Sendit aims to act as a bridge between logistic vendors and end users
‘Think of us as your next-door Gupta Uncle.’ These were the words that caught my attention for Sendit.in, an online logistics marketplace. While the logistics sector today has a plethora of startups, Sendit claims to be more focussed on solving the logistics problem than just increasing the fleet of vehicles.
Anyone who has taken a road trip knows it is not complete without seeing a fleet of trucks on the highway. It was the same sight of a fleet of trucks during a bike ride from Bengaluru to Davangere that gave Naveen Bagrecha and Puneeth B. the idea to look at a technology-based, on-demand trucking solutions system. After getting their friend Pankaj Sisodia in, the trio roped in Darpan Jain and Gourav.
Acting as a connector
“In the current scenario, the user has to interact individually with operators. This raises a lot of issues of trust, pricing and customer experience. On the other hand, operators don't have a common interface to receive orders. With transactions happening in isolation, there is not enough room for efficient optimisation of resources and time on the operator's end,” says Darpan. The team says there is no common platform where the end user can interact with the transport operators and Sendit intends to act as a bridge.
The team provides solutions for intra-city and inter-city goods movement. For this, they have a fleet of vehicles which works on a per-demand basis. To shift goods, all the user has to do is book a vehicle on the platform. Based on the needs, a vehicle in proximity to the user is assigned for the movement. The platform allows real-time tracking, status updates, pre-booking facility and trip logs.
“We take care of trust, pricing and reliability issues and ensure that the goods are delivered in a timely and safe manner. On the transport operator's end, we help them plan their transactions well, so that vehicles don't run empty due to lack of information about orders in a particular area,” says Darpan.
Sendit is operational in Bengaluru and Pune, and there are plans to launch in multiple cities by the end of this year. Customers can book orders via website, Android app or a telephonic call. All the operators have a mobile client installed on their phones for efficient tracking and management.
Starting with one vehicle and four to five daily transactions, Sendit today claims to have over 40 to 50 transactions with average ticket size of Rs 400. The team is bootstrapped but is looking for funding to increase its fleet capacity, market expansions and for improving technology.
Darpan says that if one has to look at the complete logistics market that includes transportation, warehousing, VALS and freight forwarding, transportation itself accounts for 61 per cent of the market. “This is because most industries end up spending more than half of their logistics budget on this function,” adds Darpan.
“Our target area would be the metropolitan clusters.
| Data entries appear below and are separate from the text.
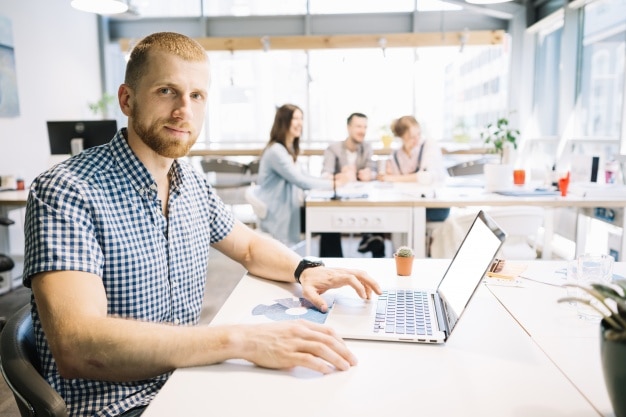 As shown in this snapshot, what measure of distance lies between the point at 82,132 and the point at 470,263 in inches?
151

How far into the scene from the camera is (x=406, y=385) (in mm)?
872

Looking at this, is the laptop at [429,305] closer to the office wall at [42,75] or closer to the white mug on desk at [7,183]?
the white mug on desk at [7,183]

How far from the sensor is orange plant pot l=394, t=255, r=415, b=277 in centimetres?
154

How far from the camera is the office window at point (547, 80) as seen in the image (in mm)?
5988

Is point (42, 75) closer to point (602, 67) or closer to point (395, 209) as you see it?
point (395, 209)

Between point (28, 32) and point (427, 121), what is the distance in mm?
5179

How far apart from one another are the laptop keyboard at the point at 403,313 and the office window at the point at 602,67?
389 centimetres

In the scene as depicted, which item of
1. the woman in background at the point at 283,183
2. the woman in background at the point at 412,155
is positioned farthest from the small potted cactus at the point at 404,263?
the woman in background at the point at 412,155

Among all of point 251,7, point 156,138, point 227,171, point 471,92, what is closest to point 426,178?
point 156,138

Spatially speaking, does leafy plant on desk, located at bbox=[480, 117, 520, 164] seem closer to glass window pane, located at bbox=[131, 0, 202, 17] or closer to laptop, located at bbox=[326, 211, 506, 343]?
laptop, located at bbox=[326, 211, 506, 343]

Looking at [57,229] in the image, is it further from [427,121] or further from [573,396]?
[427,121]

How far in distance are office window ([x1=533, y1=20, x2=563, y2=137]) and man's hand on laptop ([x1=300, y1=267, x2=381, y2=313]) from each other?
211 inches

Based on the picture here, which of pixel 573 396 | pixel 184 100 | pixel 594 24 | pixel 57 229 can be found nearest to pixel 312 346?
pixel 573 396

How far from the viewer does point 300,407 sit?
2.64 ft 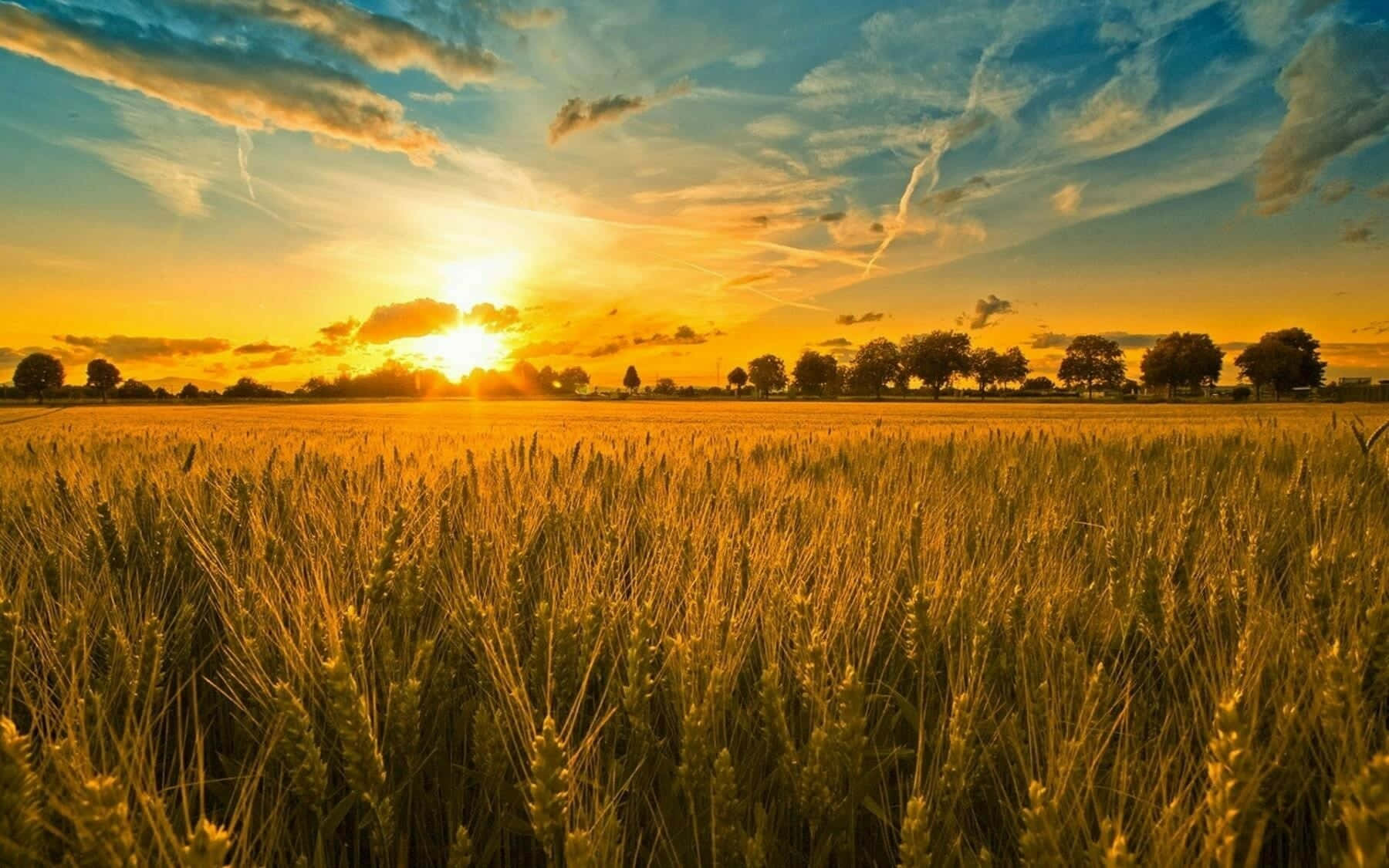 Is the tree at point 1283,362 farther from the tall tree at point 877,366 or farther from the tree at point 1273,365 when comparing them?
the tall tree at point 877,366

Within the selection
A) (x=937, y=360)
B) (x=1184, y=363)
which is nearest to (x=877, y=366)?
(x=937, y=360)

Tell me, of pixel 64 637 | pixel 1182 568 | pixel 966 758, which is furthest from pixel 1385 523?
pixel 64 637

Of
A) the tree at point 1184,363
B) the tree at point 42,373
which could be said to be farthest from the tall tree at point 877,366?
the tree at point 42,373

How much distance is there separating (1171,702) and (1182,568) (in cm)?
119

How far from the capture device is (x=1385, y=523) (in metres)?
3.70

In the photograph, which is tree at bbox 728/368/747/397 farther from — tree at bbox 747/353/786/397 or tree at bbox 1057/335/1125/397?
tree at bbox 1057/335/1125/397

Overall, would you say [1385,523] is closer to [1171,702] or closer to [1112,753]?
[1171,702]

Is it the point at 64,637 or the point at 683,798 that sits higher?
the point at 64,637

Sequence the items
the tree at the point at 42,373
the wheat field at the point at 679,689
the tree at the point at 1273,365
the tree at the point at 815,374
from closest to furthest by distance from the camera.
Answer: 1. the wheat field at the point at 679,689
2. the tree at the point at 42,373
3. the tree at the point at 1273,365
4. the tree at the point at 815,374

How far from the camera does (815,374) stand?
127 m

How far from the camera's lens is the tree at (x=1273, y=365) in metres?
92.9

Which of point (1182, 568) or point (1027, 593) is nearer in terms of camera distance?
point (1027, 593)

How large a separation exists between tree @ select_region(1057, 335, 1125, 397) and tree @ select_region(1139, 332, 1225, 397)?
27.5 feet

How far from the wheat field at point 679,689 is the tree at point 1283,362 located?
360 ft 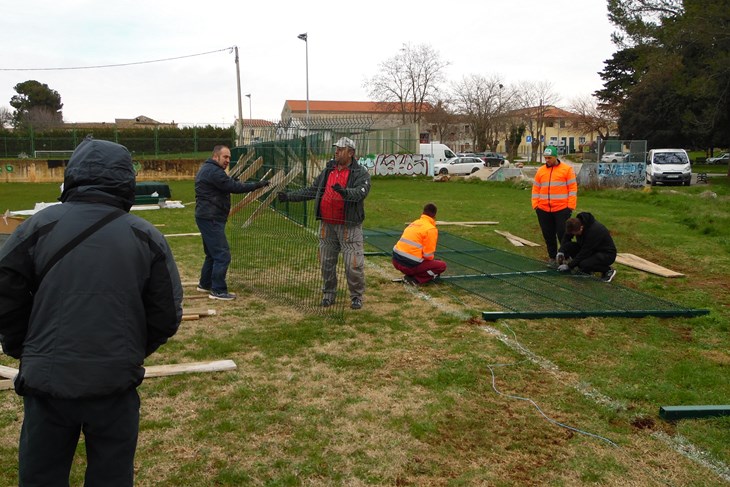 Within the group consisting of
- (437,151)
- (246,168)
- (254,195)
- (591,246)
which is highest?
(437,151)

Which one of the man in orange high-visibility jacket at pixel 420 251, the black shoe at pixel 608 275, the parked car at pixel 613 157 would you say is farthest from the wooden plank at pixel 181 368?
the parked car at pixel 613 157

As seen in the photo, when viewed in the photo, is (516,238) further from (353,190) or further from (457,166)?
(457,166)

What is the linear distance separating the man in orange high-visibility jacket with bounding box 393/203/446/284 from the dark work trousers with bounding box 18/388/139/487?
18.9 ft

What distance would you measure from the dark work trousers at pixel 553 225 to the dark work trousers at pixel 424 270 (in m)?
2.12

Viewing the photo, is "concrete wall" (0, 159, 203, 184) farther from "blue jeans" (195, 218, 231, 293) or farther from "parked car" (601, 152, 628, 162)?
"blue jeans" (195, 218, 231, 293)

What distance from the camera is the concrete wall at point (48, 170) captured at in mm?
30953

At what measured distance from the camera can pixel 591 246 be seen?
841 cm

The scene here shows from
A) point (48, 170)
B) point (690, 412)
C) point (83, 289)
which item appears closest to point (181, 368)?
point (83, 289)

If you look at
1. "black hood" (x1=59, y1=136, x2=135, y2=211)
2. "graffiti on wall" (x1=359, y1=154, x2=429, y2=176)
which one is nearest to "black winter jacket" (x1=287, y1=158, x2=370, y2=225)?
"black hood" (x1=59, y1=136, x2=135, y2=211)

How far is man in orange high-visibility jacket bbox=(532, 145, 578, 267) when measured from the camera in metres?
9.01

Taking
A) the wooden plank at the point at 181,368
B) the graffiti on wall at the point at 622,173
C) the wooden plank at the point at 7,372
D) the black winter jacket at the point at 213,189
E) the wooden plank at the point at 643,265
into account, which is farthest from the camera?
the graffiti on wall at the point at 622,173

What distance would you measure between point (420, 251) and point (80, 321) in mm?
5972

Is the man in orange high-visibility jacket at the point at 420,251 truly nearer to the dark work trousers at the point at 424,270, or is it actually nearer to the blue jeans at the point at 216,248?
the dark work trousers at the point at 424,270

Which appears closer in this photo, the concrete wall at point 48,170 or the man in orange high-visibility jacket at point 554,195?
the man in orange high-visibility jacket at point 554,195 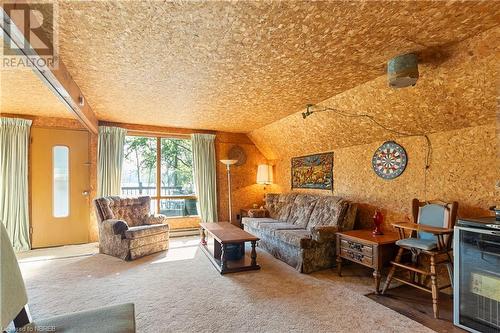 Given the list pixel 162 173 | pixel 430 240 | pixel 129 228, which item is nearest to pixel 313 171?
pixel 430 240

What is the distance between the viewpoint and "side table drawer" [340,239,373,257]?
281cm

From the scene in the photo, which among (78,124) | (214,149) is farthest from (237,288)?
(78,124)

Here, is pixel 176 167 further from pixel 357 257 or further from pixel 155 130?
pixel 357 257

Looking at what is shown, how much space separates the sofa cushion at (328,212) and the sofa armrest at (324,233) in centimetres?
17

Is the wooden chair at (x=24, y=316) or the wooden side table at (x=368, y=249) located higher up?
the wooden chair at (x=24, y=316)

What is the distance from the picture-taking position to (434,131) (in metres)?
2.94

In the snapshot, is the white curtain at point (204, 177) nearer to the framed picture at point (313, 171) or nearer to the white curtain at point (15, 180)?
the framed picture at point (313, 171)

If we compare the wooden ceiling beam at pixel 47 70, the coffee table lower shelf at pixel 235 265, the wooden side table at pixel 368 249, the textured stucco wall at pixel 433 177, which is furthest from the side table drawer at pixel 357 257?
the wooden ceiling beam at pixel 47 70

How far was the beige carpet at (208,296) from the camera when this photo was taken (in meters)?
2.17

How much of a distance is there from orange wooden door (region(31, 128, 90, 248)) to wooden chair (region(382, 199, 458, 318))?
16.9 ft

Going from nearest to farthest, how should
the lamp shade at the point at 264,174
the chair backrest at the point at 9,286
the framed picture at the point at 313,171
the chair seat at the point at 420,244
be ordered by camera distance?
the chair backrest at the point at 9,286 → the chair seat at the point at 420,244 → the framed picture at the point at 313,171 → the lamp shade at the point at 264,174

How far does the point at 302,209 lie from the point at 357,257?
159 cm

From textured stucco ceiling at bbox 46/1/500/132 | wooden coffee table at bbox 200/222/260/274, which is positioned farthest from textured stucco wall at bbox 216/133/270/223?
textured stucco ceiling at bbox 46/1/500/132

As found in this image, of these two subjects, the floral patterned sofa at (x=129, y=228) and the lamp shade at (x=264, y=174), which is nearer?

Overall, it is projected to be a $175-billion dollar industry in 2019. It’s all about connecting the dots now to increase the efficiency of operators,” says Darpan.
Logistics has always been looked at as a fragmented and unorganised function of any business. However, with the rise of e-commerce and on-demand delivery companies, businesses and consumers are demanding deliveries and supply chain to be more organised, agile and transparent.
According to some rough estimate, the market size of technology in logistics in India is roughly $2 billion and is much larger in other markets like South East Asia and the Middle East. Globally, companies like ORION software, OnFleet, Bringg, Infor, JDA Software and Elementum are established players.